## What needs to be done
Every line of the data below is to be duplicated exactly, pictures excepted.

## Dataset content
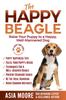 Книга The Happy Beagle : Raise Your Puppy To a Happy, Well-Mannered Dog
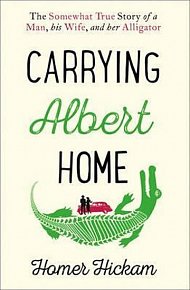Carrying Albert Home : The Somewhat True Story of a Man, His Wife and Her Alligator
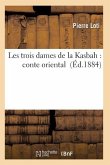 Les Trois Dames de la Kasbah: Conte Oriental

## Output below
 Книга The Happy Beagle : Raise Your Puppy To a Happy, Well-Mannered Dog
Carrying Albert Home : The Somewhat True Story of a Man, His Wife and Her Alligator
 Les Trois Dames de la Kasbah: Conte Oriental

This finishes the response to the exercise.